Information supplied –
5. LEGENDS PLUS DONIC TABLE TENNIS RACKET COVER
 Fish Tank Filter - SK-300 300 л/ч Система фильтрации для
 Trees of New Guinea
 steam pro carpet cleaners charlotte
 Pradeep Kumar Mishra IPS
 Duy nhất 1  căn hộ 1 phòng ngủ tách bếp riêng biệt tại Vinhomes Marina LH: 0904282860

Work required – Only the lines from the one bearing "steam pro carpet cleaners charlotte" to the end of the material belong in the answer; set them down verbatim.

Result of this task –
 steam pro carpet cleaners charlotte
 Pradeep Kumar Mishra IPS
 Duy nhất 1  căn hộ 1 phòng ngủ tách bếp riêng biệt tại Vinhomes Marina LH: 0904282860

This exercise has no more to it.